- **Aim of the task**
An exact restatement of all the data is required, with the pictures left out.

- **Information supplied**
----

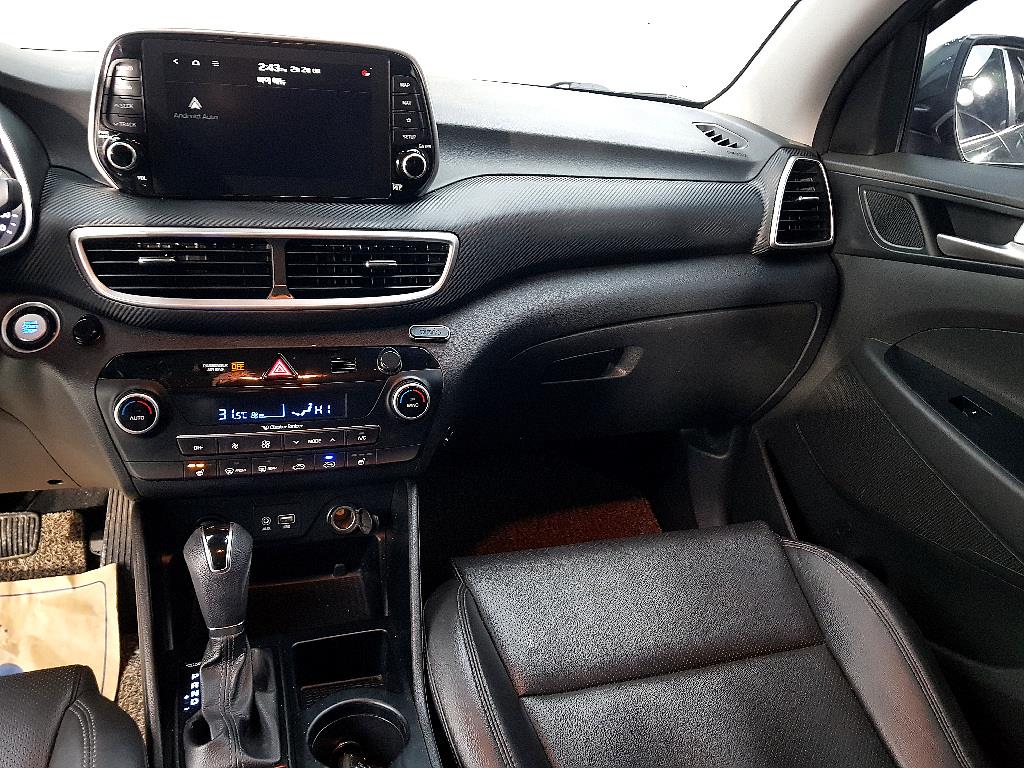 HYUNDAI Tucson - Vista 10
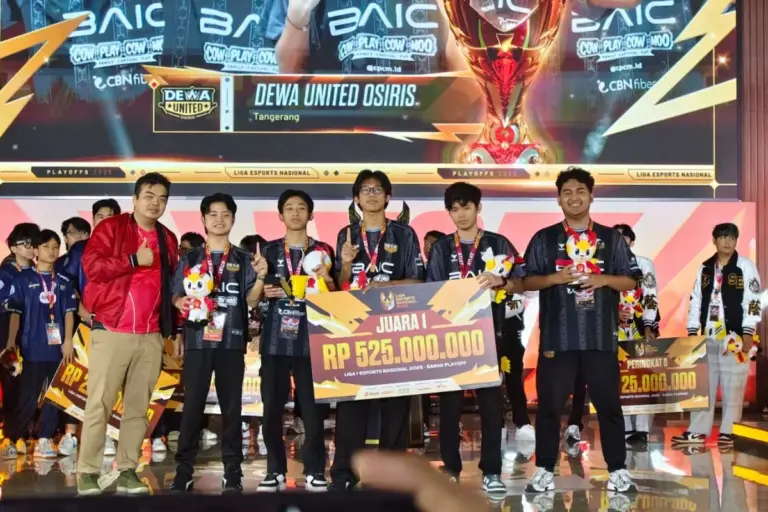 Dewa United Osiris Tak Terbendung, Resmi Angkat Trofi Liga 1 Esports Nasional 2025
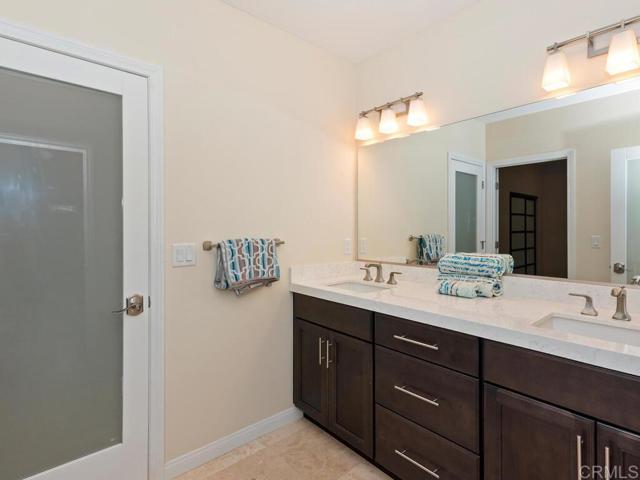Detail Gallery Image 60 of 75 For 2230 Calle Dos Lomas, Fallbrook,  CA 92028 - 5 Beds | 3/2 Baths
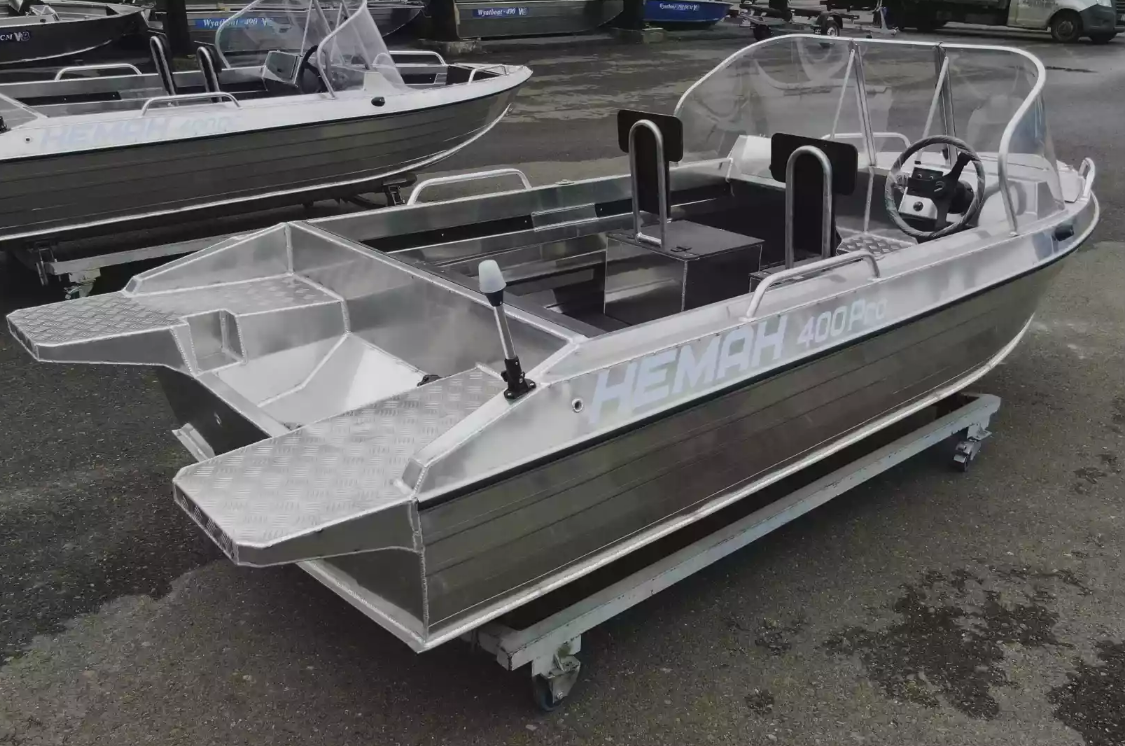 Алюминиевая лодка  Neman-400 PRO в Геленджике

----

- **Exercise result**
 HYUNDAI Tucson - Vista 10
 Dewa United Osiris Tak Terbendung, Resmi Angkat Trofi Liga 1 Esports Nasional 2025
Detail Gallery Image 60 of 75 For 2230 Calle Dos Lomas, Fallbrook,  CA 92028 - 5 Beds | 3/2 Baths
 Алюминиевая лодка  Neman-400 PRO в Геленджике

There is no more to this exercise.